Pastor Shannon’s introductory remarks went longer than usual and carried a degree of passion in his heart that is difficult to convey here as we begin Holy Week. He spoke about the great disconnect between the celebratory mood as Jesus entered the Holy City amidst waving palms and adulation on Palm Sunday, and the event just a handful of days later when He was crucified on a lonely hill. Pastor Shannon invited us to enter into the events of this week.
He then shared a story by Flannery O’Connor, a significant literary figure of the last century. O’Connor said that all too often Christians tend to minimize the grotesque and power of evil, which then diminishes the force of grace, which is so great.
Why did God choose something so grotesque as a cross? In part, because that cross reveals His pain. In some way, He took upon Himself what we have deserved. And He also has identified with our pain.
Equally important, this cross is the path to our salvation, as He shed His blood to atone for our sins.
And finally, it is a model for us… to take up our own cross, the true path of personal growth.
Darlene brought us into worship with her meaningful rendition of The Holy City. Pastor Shannon followed with a Palm Sunday children’s message about the waving of the palms.
After a time of Scripture reading, choruses and prayers, Pastor took the pulpit to present God’s word.
“Before we can say ‘He did it’, we have to say ‘I did it.’ His death on a cross was required because of my sin.”
The passage today’s sermon was drawn from is found in Luke 19:28-44.
2000 years ago, this Holy Week began in a remarkable way, with great anticipation. Who knew then that it would end in a tomb?
It is believed that 2.5 million people gathered in Jerusalem for the Passover. On this particular week, an “old story” was swallowed up in a “new story.” At the Last Supper, Jesus essentially laid it out. “Accept it now that I am the Passover Lamb of old. I am the New Story.”

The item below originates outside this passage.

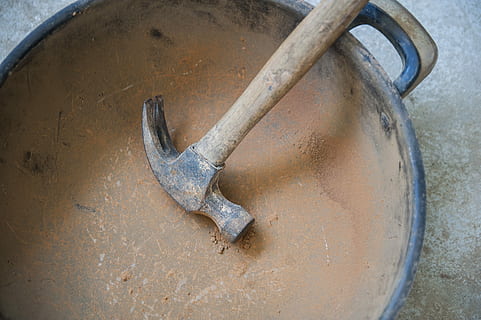 martello, utensili, pentola, nessuno, movimento, in casa, acqua, giorno, avvicinamento, metallo, vista dall'alto, strumento di lavoro, natura morta, strumento a mano, contenitore, attrezzature domestiche, attrezzatura, secchio, vecchio, industria di costruzioni, strumento, sporco, utensile da cucina, acciaio, 4K, CC0, dominio pubblico, privo di copyright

The passage begins with Jesus riding into Jersualem on a donkey as the crowds went berserk, waving palms and shouting, “Blessed is He who comes in the name of the Lord.”
The reality behind the scenes is that the disciples, despite spending three years with the Lord, were still failing to understand the significance of what was about to happen. Mark 14:12 shows that His closest followers were still self-absorbed.
These were the key leaders whom He had trained, having told them all they needed to know, upon whose shoulders the future of the church would rest, and they still didn’t understand.
Jesus knew what awaited Him, an excruciating experience, beyond torture, for He would be bearing away all the sins of the world. He knew, too, that for a time, in death, He would be separated from the Father.
But Jesus did not lecture them or get upset with the pettiness, their failure to understand the significance of the events unfolding all around them. He humbly gave instructions.
All too often, we are also like those disciples, moving too fast and missing what is important. This week, as we get caught up in Easter, we need to take time and make time for our Lord. Easter is more than chocolate bunnies and Easter baskets, or springtime and new life.
During this first Holy Week, the disciples were distracted, too. Jesus invited them to be with Him. Even though we have other things on our minds, He has us on His mind.
Today…. prepare. This week, do not let unimportant things distract you from the important things. Each day, find a quiet place and time. Read passages from the last chapters of Luke. He has gone to the cross for us, and has risen for us… for our salvation.
God is inviting distracted people to meet Him.